19. A network state monitoring system that monitors a state of a network which conducts communication between a source node and a destination node through a plurality of relay nodes,

wherein a test packet is transmitted from the source node to the destination node through the respective relay nodes, the respective relay nodes and the destination node, which have received the test packet, each transmit a test response packet added with a relay delay time of each node to the source node, the source node that has received the test response packets transmitted from the respective relay nodes and the destination node extracts the relay delay time of each node from the received test response packets, and detects an abnormal node according to the extracted relay delay time of the each node by an abnormal state detection part disposed in the source node.

20. The network state monitoring system according to claim 19,

wherein the respective relay nodes and the destination node each transmit the test response packet at random or after a given wait time has elapsed.

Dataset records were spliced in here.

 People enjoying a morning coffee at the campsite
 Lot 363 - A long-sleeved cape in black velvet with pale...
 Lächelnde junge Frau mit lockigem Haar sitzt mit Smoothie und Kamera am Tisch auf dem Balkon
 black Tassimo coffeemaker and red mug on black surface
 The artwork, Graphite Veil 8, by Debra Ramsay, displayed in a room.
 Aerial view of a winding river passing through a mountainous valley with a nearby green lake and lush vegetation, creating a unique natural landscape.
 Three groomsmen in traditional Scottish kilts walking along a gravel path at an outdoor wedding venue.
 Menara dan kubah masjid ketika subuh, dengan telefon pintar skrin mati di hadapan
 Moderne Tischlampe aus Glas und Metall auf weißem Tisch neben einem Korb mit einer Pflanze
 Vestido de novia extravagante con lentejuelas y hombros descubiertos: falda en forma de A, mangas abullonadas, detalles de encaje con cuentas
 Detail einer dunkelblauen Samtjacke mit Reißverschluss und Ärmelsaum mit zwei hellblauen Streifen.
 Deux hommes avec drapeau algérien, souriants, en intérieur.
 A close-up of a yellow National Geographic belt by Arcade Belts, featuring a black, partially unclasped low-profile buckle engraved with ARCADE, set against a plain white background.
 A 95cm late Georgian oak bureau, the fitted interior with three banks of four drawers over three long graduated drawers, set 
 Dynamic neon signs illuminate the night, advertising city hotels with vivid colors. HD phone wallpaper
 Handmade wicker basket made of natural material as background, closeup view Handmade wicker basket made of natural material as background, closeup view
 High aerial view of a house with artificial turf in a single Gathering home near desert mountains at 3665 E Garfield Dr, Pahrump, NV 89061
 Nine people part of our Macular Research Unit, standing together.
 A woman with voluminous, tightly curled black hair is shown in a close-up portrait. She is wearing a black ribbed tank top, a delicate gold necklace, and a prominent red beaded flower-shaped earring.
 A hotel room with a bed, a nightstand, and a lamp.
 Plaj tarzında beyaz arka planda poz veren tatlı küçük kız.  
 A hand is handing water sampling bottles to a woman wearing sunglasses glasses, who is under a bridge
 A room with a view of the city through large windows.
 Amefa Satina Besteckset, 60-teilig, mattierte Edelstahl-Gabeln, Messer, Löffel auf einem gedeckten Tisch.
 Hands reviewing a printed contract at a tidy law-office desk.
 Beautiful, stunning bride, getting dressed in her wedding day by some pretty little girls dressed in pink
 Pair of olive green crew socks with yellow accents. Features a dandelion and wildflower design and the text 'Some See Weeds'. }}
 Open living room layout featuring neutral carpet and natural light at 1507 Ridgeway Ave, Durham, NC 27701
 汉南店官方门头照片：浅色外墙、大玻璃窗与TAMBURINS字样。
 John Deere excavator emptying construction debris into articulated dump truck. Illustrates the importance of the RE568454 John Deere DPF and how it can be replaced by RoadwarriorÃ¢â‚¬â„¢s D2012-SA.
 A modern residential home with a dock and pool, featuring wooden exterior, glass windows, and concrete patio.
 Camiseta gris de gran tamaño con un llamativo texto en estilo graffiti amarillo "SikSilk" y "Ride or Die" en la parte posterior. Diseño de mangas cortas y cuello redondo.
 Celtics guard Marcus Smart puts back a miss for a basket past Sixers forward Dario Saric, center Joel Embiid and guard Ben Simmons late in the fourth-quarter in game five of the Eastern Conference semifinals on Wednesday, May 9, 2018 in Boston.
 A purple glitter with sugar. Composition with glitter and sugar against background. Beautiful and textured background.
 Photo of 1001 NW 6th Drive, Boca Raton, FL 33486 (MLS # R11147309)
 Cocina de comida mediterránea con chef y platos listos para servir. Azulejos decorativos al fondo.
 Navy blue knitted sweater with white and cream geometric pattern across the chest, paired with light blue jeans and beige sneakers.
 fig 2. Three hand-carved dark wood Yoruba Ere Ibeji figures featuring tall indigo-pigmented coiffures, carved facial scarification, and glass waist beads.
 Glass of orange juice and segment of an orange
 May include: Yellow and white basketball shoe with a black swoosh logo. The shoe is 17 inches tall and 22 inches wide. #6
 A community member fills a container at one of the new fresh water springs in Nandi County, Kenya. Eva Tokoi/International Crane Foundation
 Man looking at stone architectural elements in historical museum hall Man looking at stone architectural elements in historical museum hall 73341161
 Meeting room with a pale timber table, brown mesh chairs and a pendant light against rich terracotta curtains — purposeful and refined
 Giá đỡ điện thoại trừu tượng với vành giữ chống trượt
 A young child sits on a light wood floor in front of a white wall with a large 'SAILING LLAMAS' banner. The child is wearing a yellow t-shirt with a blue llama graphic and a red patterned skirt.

21. A network state monitoring system that monitors a state of a network that conducts communication between a source node and a destination node through a plurality of relay nodes,

wherein a test packet is transmitted from the source node to the destination node through the respective relay nodes, the respective relay nodes and the destination node, which have received the test packets, each calculate a relay delay time of each node, the destination node adds the relay delay time of the destination node to a test response packet, and returns the added test response packet, each of the relay nodes that have received the test response packet adds the relay delay time of each node calculated when receiving the test packet to the test response packet, and transmits the test response packet, the source node that has received the test response packet extracts the relay delay time of the each node from the received test response packet, and detects an abnormal node by an abnormal state detection part disposed in the source node according to the extracted relay delay time of the each node.